National Counterterrorism Center director Joe Kent announced his resignation on Tuesday over opposition to the Iran war, becoming the highest-profile administration official to publicly step down over the ongoing conflict.
“I cannot in good conscience support the ongoing war in Iran. Iran posed no imminent threat to our nation,” Joe Kent said Tuesday in a statement on X. “It is clear that we started this war due to pressure from Israel and its powerful American lobby.”
Kent, the Trump administration’s top counterterrorism official, dismissed claims by President Donald Trump and other administration officials that there was an “imminent threat” from Iran as justification for the war.
“Iran posed no imminent threat to our nation, and it is clear that we started this war due to pressure from Israel and its powerful American lobby,” Kent wrote.
The National Counterterrorism Center oversees U.S. government intelligence on terrorist threats and retains a database of all known and suspected terrorists.

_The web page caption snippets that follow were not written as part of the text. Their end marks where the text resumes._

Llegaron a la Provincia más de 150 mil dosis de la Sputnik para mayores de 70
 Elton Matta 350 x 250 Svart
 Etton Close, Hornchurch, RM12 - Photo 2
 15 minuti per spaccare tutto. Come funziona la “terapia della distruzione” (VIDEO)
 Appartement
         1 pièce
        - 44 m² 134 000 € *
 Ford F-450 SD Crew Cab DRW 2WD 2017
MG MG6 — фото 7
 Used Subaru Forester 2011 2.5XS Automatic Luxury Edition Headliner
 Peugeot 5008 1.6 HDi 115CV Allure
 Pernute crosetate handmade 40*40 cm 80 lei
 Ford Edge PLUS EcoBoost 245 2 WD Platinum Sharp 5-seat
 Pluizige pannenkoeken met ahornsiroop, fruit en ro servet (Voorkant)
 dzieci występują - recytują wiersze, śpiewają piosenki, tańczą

Kent said Trump had been wrongly swayed by the Israelis and he could not support “sending the next generation off to fight and die in a war that serves no benefit to the American people nor justifies the cost of American lives.”
The White House rejected Kent’s criticisms.
“As President Trump has clearly and explicitly stated, he had strong and compelling evidence that Iran was going to attack the United States first,” White House press secretary Karoline Leavitt said on social media.
Gabbard said in a statement on X that Trump was responsible for determining what is and isn’t an imminent threat.
“After carefully reviewing all the information before him, President Trump concluded that the terrorist Islamist regime in Iran posed an imminent threat and he took action based on that conclusion,” she wrote.
Trump on Tuesday reacted to Kent’s letter while taking questions at a bilateral meeting with Ireland’s Taoiseach Micheál Martin in the Oval Office.
“Well, I read his statement. I always thought he was a nice guy, but I always thought he was weak on security, very weak on security,” Trump said. “I didn’t know him well, but I thought he seemed like a pretty nice guy.”
“But when I read a statement, I realized that it’s a good thing that he’s out,” Trump added. “Because he said that Iran was not a threat. Iran was a threat. Every country realized what a threat Iran was. The question is whether or not they wanted to do something about it. And many people, many of the greatest military scholars, are saying for years that [the] president should have taken out Iran because they wanted a nuclear weapon.”
Kent served in the Army Special Forces, undertaking 11 combat deployments during a 20-year career, and later worked at the CIA. His wife, Shannon Kent, a Navy cryptologist, died in a terrorist bombing in Syria in 2019.